- Genre: Drama
- Based on: Chester, I Love You by Blaine Yorgason; Brenton Yorgason;
- Written by: Glen L. Anderson; Peter N. Johnson; Blaine Yorgason; Craig Holyoak;
- Directed by: Beau Bridges
- Starring: Beau Bridges; Millie Perkins; Courtney Thorne-Smith; Ed Lauter; Anne Haney; Jason Bateman;
- Music by: Bruce Broughton
- Country of origin: United States
- Original language: English

Production
- Executive producer: Mel Ferrer
- Producer: Mark H. Ovitz
- Cinematography: Fred J. Koenekamp
- Editor: James T. Heckert
- Running time: 90 minutes
- Production companies: Walt Disney Television; Mark H. Ovitz Productions;

Original release
- Network: ABC
- Release: November 23, 1986

= The Thanksgiving Promise =

The Thanksgiving Promise is a 1986 American drama television film starring and directed by Beau Bridges, based on the 1983 young adult novel Chester, I Love You by Blaine Yorgason and Brenton Yorgason. It was produced by Walt Disney Television, and originally aired November 23, 1986 as a presentation of The Disney Sunday Movie on ABC.

==Plot==
Travis Tilby leaps into action when neighbor Stewart Larson asks him to mind an ailing goose slated to be part of Thanksgiving dinner. A gentle animal lover, Travis dotes on the bird, feeding it by hand and speaking to it in soothing tones. However, as Thanksgiving nears, Travis has second thoughts about seeing the bird slaughtered, and he appeals to his father, Hank, and others in the community for help in saving the goose.

==Cast==
- Beau Bridges as Hank Tilby
- Millie Perkins as Lois Tilby
- Courtney Thorne-Smith as Sheryl
- Ed Lauter as Coach Gruniger
- Anne Haney as Mrs.

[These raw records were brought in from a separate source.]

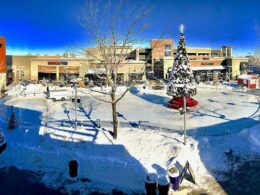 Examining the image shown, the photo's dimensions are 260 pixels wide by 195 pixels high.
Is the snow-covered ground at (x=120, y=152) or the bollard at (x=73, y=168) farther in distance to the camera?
the bollard at (x=73, y=168)

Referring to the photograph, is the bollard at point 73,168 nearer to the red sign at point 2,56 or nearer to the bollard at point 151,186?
the bollard at point 151,186

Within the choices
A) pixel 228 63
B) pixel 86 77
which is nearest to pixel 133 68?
pixel 86 77

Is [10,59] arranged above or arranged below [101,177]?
above

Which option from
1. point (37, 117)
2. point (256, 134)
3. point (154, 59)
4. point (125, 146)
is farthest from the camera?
point (154, 59)

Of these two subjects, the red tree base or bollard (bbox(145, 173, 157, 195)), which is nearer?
bollard (bbox(145, 173, 157, 195))

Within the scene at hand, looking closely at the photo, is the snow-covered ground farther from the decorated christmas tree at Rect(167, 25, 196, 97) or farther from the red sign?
the red sign

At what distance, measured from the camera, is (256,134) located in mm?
17672

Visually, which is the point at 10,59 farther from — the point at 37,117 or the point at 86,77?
the point at 37,117

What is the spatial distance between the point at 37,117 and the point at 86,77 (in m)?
36.5

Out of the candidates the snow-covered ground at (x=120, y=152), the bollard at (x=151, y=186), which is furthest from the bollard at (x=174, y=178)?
the bollard at (x=151, y=186)

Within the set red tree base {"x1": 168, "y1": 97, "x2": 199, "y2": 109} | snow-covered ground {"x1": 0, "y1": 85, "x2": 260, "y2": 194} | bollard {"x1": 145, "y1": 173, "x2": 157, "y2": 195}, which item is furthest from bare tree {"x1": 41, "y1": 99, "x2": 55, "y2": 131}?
red tree base {"x1": 168, "y1": 97, "x2": 199, "y2": 109}

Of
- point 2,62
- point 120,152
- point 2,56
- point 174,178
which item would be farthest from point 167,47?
point 174,178

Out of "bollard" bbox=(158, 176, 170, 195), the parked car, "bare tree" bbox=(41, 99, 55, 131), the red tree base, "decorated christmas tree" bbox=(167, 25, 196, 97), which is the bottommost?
"bollard" bbox=(158, 176, 170, 195)

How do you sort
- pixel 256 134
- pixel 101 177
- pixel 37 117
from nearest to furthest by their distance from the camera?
1. pixel 101 177
2. pixel 256 134
3. pixel 37 117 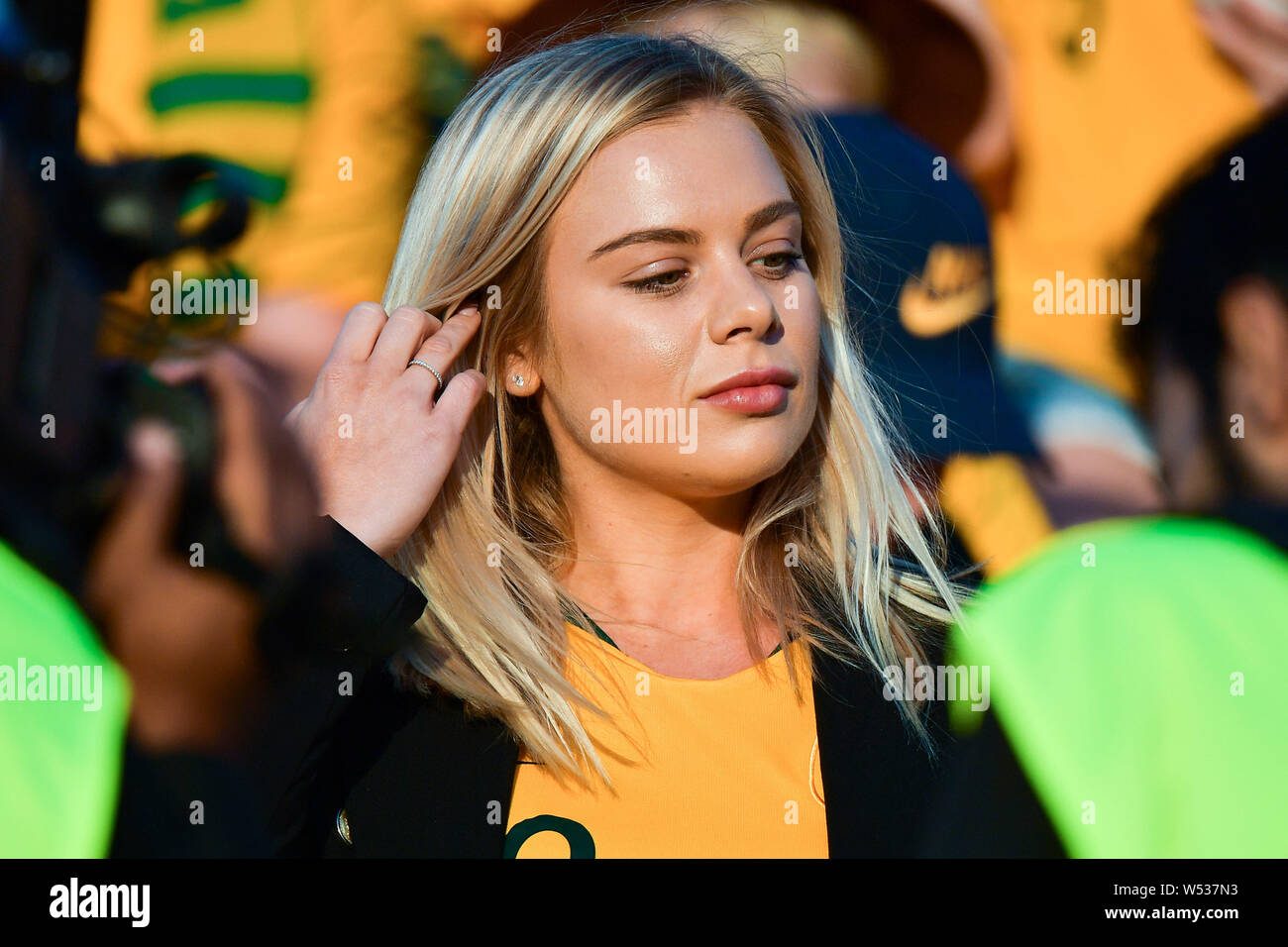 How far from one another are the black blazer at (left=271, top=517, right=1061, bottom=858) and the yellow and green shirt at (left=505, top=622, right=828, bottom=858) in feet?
0.12

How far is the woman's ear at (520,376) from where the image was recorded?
2113mm

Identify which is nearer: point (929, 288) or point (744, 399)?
point (744, 399)

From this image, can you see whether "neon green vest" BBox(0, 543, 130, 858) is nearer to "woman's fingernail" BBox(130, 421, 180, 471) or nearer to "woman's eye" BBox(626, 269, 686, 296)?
"woman's fingernail" BBox(130, 421, 180, 471)

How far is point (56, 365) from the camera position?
10.4ft

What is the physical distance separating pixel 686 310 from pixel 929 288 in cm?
175

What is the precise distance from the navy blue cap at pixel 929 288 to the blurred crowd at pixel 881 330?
1 cm

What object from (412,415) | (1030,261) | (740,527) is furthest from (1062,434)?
(412,415)

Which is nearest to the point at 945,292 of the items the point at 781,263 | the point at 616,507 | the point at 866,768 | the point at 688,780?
the point at 781,263

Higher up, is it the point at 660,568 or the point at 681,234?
the point at 681,234

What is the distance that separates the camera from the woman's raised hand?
186 centimetres

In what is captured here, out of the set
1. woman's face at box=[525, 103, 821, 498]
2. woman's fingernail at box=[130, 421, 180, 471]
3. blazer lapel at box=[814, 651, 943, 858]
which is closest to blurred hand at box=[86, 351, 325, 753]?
woman's fingernail at box=[130, 421, 180, 471]

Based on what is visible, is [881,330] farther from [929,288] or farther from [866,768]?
[866,768]

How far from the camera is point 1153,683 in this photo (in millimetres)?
3389

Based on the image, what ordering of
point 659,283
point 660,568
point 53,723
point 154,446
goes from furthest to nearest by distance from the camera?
point 154,446, point 53,723, point 660,568, point 659,283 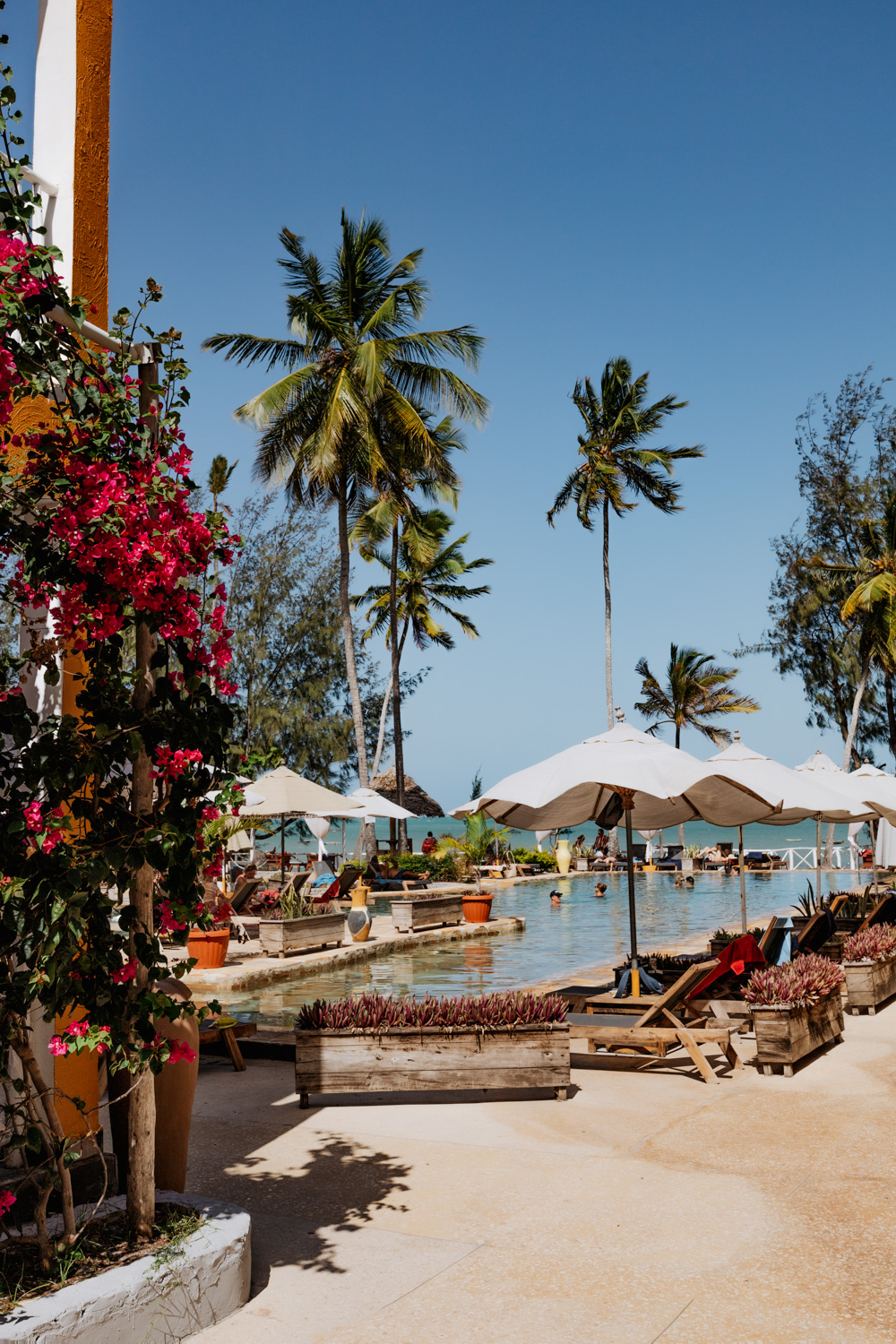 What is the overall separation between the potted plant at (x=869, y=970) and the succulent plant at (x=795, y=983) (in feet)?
4.60

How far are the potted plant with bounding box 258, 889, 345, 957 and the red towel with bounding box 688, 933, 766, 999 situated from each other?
7.36 metres

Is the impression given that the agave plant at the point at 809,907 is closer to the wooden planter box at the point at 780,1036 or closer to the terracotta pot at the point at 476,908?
the wooden planter box at the point at 780,1036

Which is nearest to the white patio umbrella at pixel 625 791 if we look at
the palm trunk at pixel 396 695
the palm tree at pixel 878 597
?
the palm tree at pixel 878 597

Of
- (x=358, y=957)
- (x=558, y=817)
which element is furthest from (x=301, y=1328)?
(x=358, y=957)

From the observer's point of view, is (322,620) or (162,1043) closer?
(162,1043)

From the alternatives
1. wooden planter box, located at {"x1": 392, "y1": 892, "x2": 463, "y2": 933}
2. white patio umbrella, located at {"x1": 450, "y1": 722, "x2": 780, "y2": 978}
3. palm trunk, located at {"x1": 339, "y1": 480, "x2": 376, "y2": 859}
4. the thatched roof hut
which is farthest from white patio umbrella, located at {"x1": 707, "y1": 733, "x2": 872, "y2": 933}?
the thatched roof hut

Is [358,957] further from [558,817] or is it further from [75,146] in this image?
[75,146]

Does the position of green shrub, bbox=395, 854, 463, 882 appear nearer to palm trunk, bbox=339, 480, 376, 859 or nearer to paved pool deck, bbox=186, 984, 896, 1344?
palm trunk, bbox=339, 480, 376, 859

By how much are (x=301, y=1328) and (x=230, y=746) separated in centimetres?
202

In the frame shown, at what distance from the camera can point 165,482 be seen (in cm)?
362

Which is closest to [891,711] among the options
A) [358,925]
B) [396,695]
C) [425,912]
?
[396,695]

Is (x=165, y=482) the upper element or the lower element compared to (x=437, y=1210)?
upper

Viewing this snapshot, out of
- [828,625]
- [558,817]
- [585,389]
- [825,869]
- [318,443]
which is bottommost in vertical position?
[825,869]

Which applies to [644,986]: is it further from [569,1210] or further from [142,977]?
[142,977] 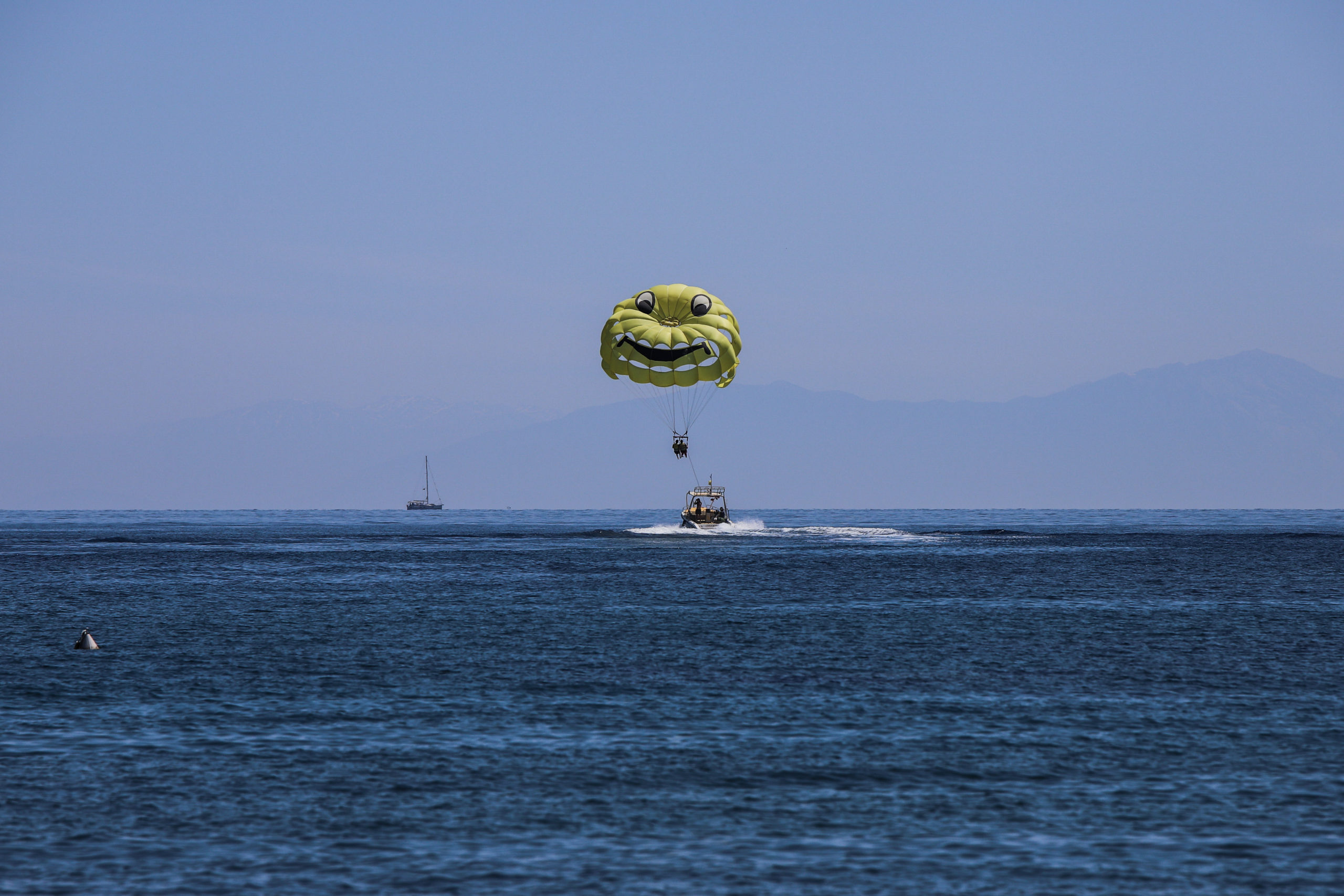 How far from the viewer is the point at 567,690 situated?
2977 centimetres

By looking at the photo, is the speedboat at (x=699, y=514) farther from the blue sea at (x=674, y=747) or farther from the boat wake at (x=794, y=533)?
the blue sea at (x=674, y=747)

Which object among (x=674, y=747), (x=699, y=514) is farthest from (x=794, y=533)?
(x=674, y=747)

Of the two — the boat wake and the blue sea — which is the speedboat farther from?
the blue sea

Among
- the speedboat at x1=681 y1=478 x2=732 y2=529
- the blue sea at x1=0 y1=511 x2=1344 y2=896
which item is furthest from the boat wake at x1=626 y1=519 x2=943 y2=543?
the blue sea at x1=0 y1=511 x2=1344 y2=896

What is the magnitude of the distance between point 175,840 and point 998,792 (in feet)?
41.1

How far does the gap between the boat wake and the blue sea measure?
66.7 metres

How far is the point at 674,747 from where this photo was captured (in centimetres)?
2341

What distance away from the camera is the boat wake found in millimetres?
121625

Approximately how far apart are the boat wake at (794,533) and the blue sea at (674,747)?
6673 cm

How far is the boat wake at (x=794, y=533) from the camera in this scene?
122 metres

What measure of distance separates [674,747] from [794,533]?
121873mm

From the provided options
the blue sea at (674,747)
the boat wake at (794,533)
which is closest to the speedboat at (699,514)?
the boat wake at (794,533)

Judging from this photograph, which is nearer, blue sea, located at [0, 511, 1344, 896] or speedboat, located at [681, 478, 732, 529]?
blue sea, located at [0, 511, 1344, 896]

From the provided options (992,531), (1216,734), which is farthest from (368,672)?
(992,531) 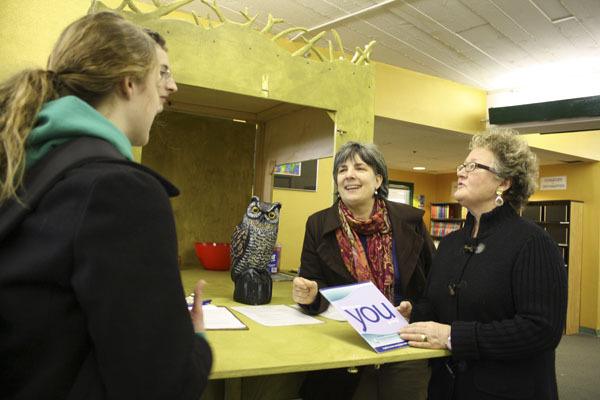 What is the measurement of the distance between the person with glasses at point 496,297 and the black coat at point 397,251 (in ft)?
0.67

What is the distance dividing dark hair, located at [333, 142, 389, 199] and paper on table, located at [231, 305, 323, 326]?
63 centimetres

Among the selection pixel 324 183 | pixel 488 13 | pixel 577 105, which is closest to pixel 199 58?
pixel 488 13

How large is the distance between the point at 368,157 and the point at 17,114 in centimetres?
149

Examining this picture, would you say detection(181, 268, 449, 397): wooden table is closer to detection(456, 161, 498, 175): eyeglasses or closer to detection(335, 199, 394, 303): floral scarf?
detection(335, 199, 394, 303): floral scarf

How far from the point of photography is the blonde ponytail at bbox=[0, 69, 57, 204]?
Answer: 2.19ft

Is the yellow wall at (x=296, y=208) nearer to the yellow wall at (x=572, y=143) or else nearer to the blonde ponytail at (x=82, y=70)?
the yellow wall at (x=572, y=143)

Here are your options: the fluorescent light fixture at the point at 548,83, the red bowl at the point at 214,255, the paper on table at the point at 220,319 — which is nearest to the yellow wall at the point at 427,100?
the fluorescent light fixture at the point at 548,83

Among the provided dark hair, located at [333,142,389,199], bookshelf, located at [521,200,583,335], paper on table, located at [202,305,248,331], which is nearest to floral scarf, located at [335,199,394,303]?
dark hair, located at [333,142,389,199]

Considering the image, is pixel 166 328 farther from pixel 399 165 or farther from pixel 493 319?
pixel 399 165

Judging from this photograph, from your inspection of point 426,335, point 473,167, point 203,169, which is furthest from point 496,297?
point 203,169

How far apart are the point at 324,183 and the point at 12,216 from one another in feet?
11.9

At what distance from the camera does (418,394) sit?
5.86ft

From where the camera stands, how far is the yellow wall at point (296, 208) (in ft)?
13.1

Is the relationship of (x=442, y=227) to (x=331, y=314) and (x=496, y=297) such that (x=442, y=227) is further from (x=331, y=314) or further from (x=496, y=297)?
(x=496, y=297) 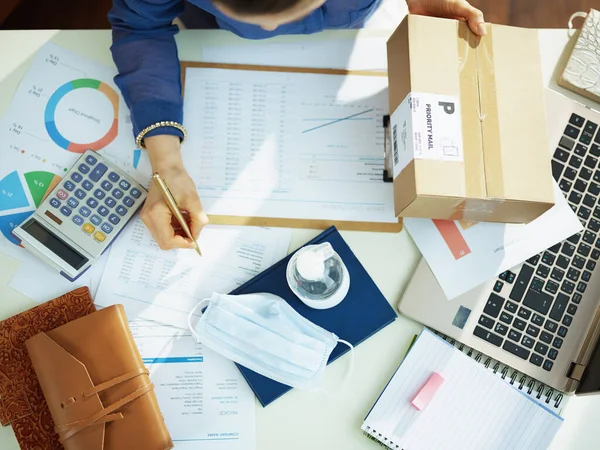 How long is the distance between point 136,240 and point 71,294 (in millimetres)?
124

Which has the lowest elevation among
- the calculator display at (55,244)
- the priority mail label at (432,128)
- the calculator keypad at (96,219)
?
the calculator display at (55,244)

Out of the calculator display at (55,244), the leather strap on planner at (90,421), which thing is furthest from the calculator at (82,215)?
the leather strap on planner at (90,421)

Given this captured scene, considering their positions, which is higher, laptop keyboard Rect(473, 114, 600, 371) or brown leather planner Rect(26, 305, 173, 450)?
laptop keyboard Rect(473, 114, 600, 371)

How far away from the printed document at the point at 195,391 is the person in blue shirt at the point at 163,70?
0.15 metres

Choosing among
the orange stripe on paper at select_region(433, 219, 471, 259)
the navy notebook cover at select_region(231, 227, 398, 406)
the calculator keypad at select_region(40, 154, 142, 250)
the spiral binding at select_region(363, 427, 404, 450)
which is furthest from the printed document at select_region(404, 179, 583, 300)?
the calculator keypad at select_region(40, 154, 142, 250)

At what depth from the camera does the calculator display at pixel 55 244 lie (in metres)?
0.79

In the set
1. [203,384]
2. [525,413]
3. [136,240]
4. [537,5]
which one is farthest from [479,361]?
[537,5]

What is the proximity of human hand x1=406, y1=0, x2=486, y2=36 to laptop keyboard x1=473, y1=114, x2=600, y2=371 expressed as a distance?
254mm

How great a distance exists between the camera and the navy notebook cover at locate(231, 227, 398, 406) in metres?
0.78

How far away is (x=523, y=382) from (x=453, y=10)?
564 mm

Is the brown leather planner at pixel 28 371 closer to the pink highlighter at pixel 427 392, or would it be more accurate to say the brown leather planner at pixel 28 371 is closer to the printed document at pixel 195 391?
the printed document at pixel 195 391

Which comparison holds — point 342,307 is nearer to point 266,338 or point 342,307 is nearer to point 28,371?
point 266,338

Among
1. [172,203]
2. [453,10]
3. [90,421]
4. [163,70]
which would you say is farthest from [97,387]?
[453,10]

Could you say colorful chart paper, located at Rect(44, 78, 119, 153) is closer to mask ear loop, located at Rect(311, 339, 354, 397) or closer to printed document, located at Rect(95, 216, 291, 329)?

Sudsup
- Beau Dremann as Alec
- Bill Calvert as Jason Tilby
- Jordan Bridges as Travis Tilby
- Jason Bateman as Steve Tilby
- Lloyd Bridges as Stewart Larson
- Jason Naylor as Arnold
- Jessica Puscas as Jenni Tilby
- Joshua Bryant as Sam the Vet
- Zero Hubbard as Jeff
- Tina Caspary as 1st Girl
- Scott Nemes as 1st Boy
- Kiblena Peace as Emily
- Mark Clayman as Tommy
- Dorothy Dean Bridges as Aggie Larson
- Allan Dietrich as Square Dance Caller
- Lucinda Jany as Neighbor Lady
- Leonard P. Geer as Old Man
- Jeff Bridges as Neighbor (uncredited)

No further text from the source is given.